三日坊主の三年日記

人生を、おもしろく

呪いを解きたい

ちょうど約1年前、僕はこんな記事を書いた。

 

pyonsu.hatenablog.com

 

実家でフリーターをしてたので、本を読む時間や考える時間、思考を整理して文章に起こす時間が有り余っていた時期だ。

巷で話題だった、漫画「君たちはどう生きるか」を読んで感じたことをつらつらと書いていた。

その最後の部分に綴ったのが、こちら。

 

先日、中学時代の同期ふたりと久しぶりに酒を交わした。 思い出話やしょーもないエロ話に花が咲いた。 酒が進み、近頃まとまりだした自分の生き方、考え方を話した。

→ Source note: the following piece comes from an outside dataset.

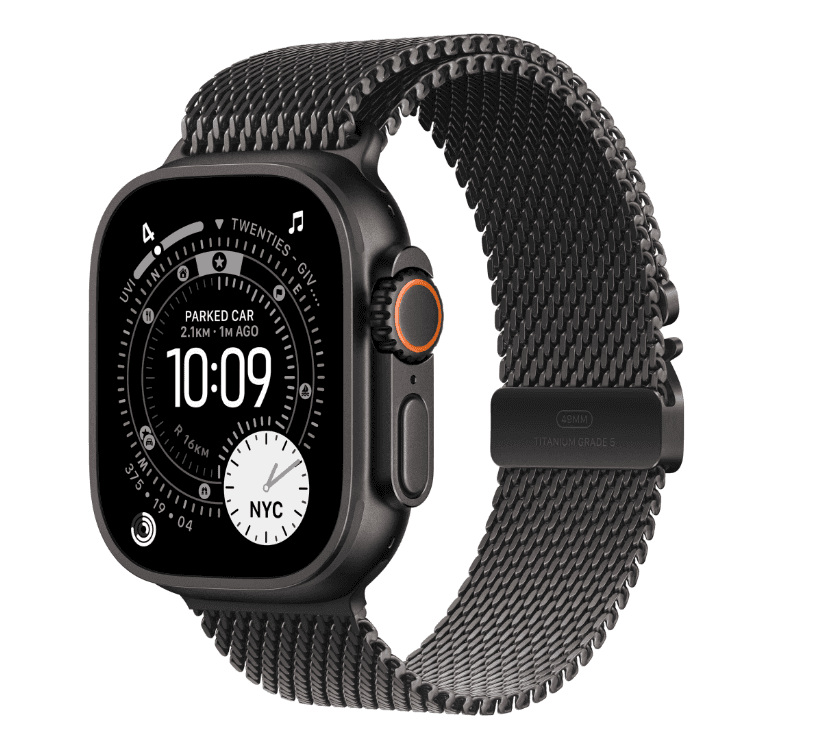Apple Watch Ultra 3 GPS + Cellular 49mm Black Titanium Case with Black Titanium Milanese Loop - Medium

”おれは、就活に失敗して、半年で会社を辞めた。夢中になって働くことのできないつらさを思い知った。だから、もう一度考え直し、自分が夢中に生きていくための道を選んだ。みんなも、諦めてほしくないんだ、自分を縛り付けず、多くの人にいきいきと働いてほしい。”と。

冷静になった今、文字にしてみるとくさすぎる。無性に恥ずかしくなる。 でも、本心だった。僕は、大まじめだった。 ふたりに言われた言葉は、こうだった。

「誰もがおまえみたいに生きられるわけじゃないよ」

「やりたくないことをがまんして働いとる人がたくさんおるんよ。あんたはやりたいことに向かっていける側の人間なんよ。うらやましいわ。」

 

大学を中退し、今は地元で働いているふたりに大まじめに反論された。

「うちらは、自分で道を切り開いていくことができなかった人間なんよ。だから、あんたには期待しとうとよ」

 

僕は、就職し、半年で退職し、大学院へ進む。それは、全部自分で決めたことだ。 自分は夢中に生きられないことがつらかった。だから、どうしたらそうしていけるかを考え、その道を選択した。夢中に生きられないことは、誰にだってつらいことだと思い込んだ。 でも、それは決めつけでしかなかった。 ふたりの友人も、自分で中退することを決め、生きていく道を自分で選んでいた。 何が幸せかどうかは、ふたりが決めることだ。 僕は幸せになるために、夢中に生きるために道を選んだし、これからもそうしていくけれど、 自分で決めた道の上でのんびり歩きながら、幸せを探していく人もいるんだと、思い知った。

でもやはり、身近な人が、自分にはやりたいことなんてない、努力していけるのがうらやましいと言い、自らの可能性を信じ切れずに諦めてしまっていることは、つらかった。 後ろ向きに考えず、自信を持っていこうと彼らが思い直すほど、今の僕の言葉は彼らに届かなかった。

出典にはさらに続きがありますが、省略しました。